Security Deposits in Alaska
In Alaska, the following statutory standards are applied to tenants with regards to security deposits:
- Standard Limit / Maximum Amount – Alaska only allows security deposits to be valued at up to twice the amount of standard rent. This does not include additional deposits made for pets. Also, rental units with a rent rate at over $2,000 may not be held to this standard.
- Maintaining Deposits and Interest – All security deposits must be maintained in a special bank account. While in their possession, these deposits cannot be used for anything but the purposes outlined in the lease agreement. Alaska does not indicate whether said deposits must incur interest, nor if that interest must be paid out.
- Time Limit for Return – If no deductions are necessary, landlords in Alaska have 14 days to mail the full value of their tenant’s deposit. However, if deductions are necessary, the remaining value of the deposit must be mailed within 30 days.
- Penalty if Not Returned on Time – Failure to return all or part of a security deposit may require a landlord to pay out double the value of the held deposit if the tenant legally pursues the issue.
- Allowable Deductions – Landlords may make deductions from a security deposit to cover damages incurred by their rented unit. These chiefly include those arising from non-compliance with the state-mandated tenant responsibilities. Also, a security deposit cannot be used of a last month’s rent.
Lease Termination in Alaska
Notice Requirements. Under amicable circumstances, landlords and tenants in Alaska must provide the following amounts of notice of their intent to vacate when a formal lease is not available:
- Week-to-week – 14 days’ notice is required.
- Month-to-month – 30 days’ notice is required.
Legally Breaking a Lease Early. In Alaska, most early lease breaking occurs under the auspices of a previously-agreed to early termination clause in a lease agreement. However, in the absence of this or a seperate agreement, a tenant may break a lease early for one or more of the following reasons:
- Active Military Duty – Federal law allows service members who are relocating due to deployment or permanent change of station to terminate their lease as early as 30 days from the next rent period.
- Unit is Uninhabitable – A tenant may be “constructively evicted” if the unit is no longer deemed habitable due to their landlord’s negligent management of their legal warrant of habitability. This includes “material non-compliance” with applicable health and safety codes.
- Landlord Harassment – Tenants may justify the early termination of a lease if their landlord regularly abuses their established right of entry. This includes entering without providing adequate notice, as defined in their lease. Also, unilaterally changing any locks may constitute an abuse of power worthy of early lease termination by the effected tenant.
If a legal method of breaking a lease is unattainable, then the tenant is required to continue paying rent until the lease period ends. This includes if they vacate the premises. However, this obligation to pay ends if a tenant is found to take over the lease. Landlords in Alaska are required to take such re-renting actions “quickly.”
Rent Increases & Related Fees in Alaska
Rent control & increases.
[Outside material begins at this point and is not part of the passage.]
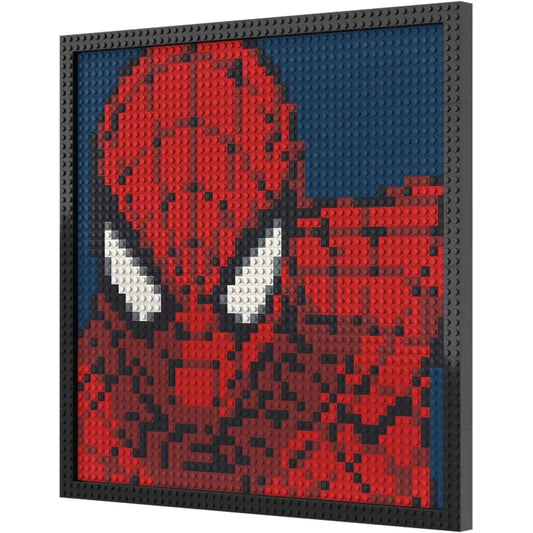 N0013 Spider-Man Mosaic Wall Art | 2304 PCS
Alaska only requires prior notice of rent increases in cases of month-to-month tenancy, at which point 30 days of advance notice are required before said rent increase can take effect. However, Alaska does not cap how much at what rate, or how frequently these increases can take place (though it is assumed that they cannot occur more than once per 30 day period).
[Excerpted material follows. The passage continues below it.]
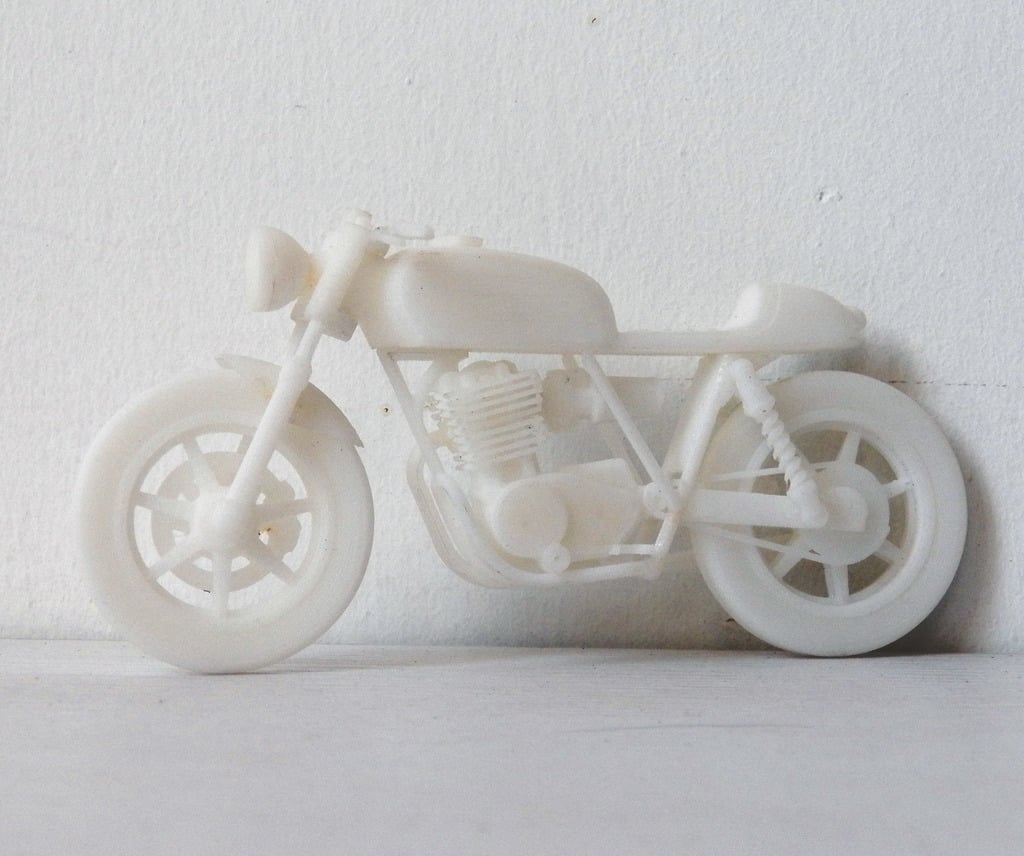 Moto Cafe Racer scalemodel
Landlords in Alaska are explicitly prohibited from applying a rent increase as an explicit or implicit retaliation for certain tenant actions, including reporting perceived health/safety code violation or joining/creating a tenant union. These landlords cannot also apply a retaliatory rent increase as a matter of discrimination against a protected class under state or federal law.
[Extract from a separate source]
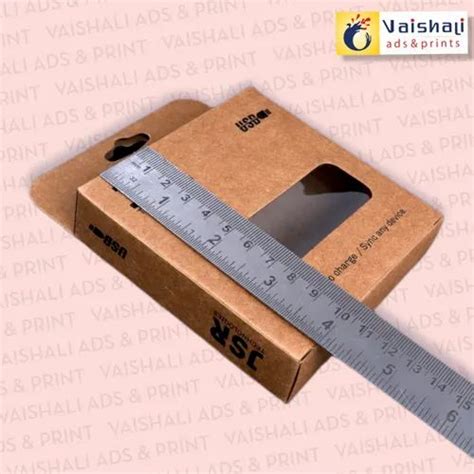 Mobile Accessories Packaging Boxes - Usb Data Cable Packaging Box ...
Rent related fees. Generally speaking, rent-related fees are only allowed in Alaska when they are agreed to by both the landlord and tenant in their lease agreement. However, automatic late rent payment fees may not be enforceable based upon their implementation. Some types of flat-rate fees and per-day charges may be allowed, subject to the state’s relevant usury laws.
These same state-wide provisions apply to so-called “bounced check” charges, as well. Like the late rent fees, these insufficient fund fees are not capped in terms of their per instance value or overall value.
Housing Discrimination in Alaska
Federal Protections. The Fair Housing Act protects tenants from being discriminated against due to race, color, national origin, religion, sex, familial status, or disability. However, the law does not apply to all housing, such as owner-occupied homes with 4 or fewer units or housing operated by religious organizations.
State Protections. Alaska protects several other classes of people through the state’s fair housing laws. In addition to the classes outlined in the federal Fair Housing Act, Alaska also protects pregnant individuals from discrimination, as well as people targeted due to their current or changed marital status.
Discriminatory Acts & Penalties. Alaska enumerates several activities precipitated by landlords and their associates in the leasing process that may amount to discrimination. These activities include the following:
- Claiming that a unit is “taken” despite remaining vacant without just cause
- Charging higher rent or fees than those advertised or on file for the same or a similar unit
- Applying different general rules to some tenants but not to others
- Advertising a unit available for rent with explicit or implicit indications of preference against a protected class
Alaska’s consumer-oriented documentation does not outline specific penalties for precipitating these kinds of discrimination. However, it does implore those who feel that they have been a victim of this kind of discrimination to report it to the Alaska State Commission for Human Rights.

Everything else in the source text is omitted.